Exercise objective> From the entries below, please output exactly the lines starting at the one containing "Hello and welcome" and ending at the one containing "Speaking of web", both included.

(Beginning of Supplied material)

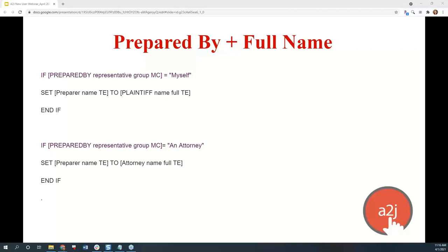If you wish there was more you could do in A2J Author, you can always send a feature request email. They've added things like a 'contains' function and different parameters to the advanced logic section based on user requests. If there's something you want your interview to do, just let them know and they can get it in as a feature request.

(End of Supplied material)
(Beginning of Supplied material)

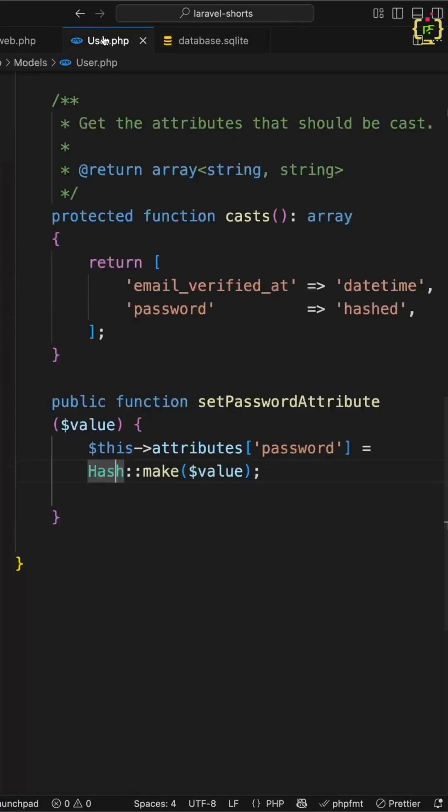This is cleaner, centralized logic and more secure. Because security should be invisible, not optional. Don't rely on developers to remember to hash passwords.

(End of Supplied material)
(Beginning of Supplied material)

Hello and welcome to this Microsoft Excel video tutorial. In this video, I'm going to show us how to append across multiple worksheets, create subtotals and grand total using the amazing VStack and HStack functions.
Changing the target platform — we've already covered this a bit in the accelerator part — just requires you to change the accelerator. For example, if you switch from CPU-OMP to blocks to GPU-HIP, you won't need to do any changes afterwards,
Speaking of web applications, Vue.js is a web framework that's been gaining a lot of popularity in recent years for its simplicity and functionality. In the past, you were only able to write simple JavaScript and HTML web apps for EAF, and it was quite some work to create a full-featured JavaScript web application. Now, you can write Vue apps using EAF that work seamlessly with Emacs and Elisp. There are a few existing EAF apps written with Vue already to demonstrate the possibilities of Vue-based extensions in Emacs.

(End of Supplied material)

Completed task>
Hello and welcome to this Microsoft Excel video tutorial. In this video, I'm going to show us how to append across multiple worksheets, create subtotals and grand total using the amazing VStack and HStack functions.
Changing the target platform — we've already covered this a bit in the accelerator part — just requires you to change the accelerator. For example, if you switch from CPU-OMP to blocks to GPU-HIP, you won't need to do any changes afterwards,
Speaking of web applications, Vue.js is a web framework that's been gaining a lot of popularity in recent years for its simplicity and functionality. In the past, you were only able to write simple JavaScript and HTML web apps for EAF, and it was quite some work to create a full-featured JavaScript web application. Now, you can write Vue apps using EAF that work seamlessly with Emacs and Elisp. There are a few existing EAF apps written with Vue already to demonstrate the possibilities of Vue-based extensions in Emacs.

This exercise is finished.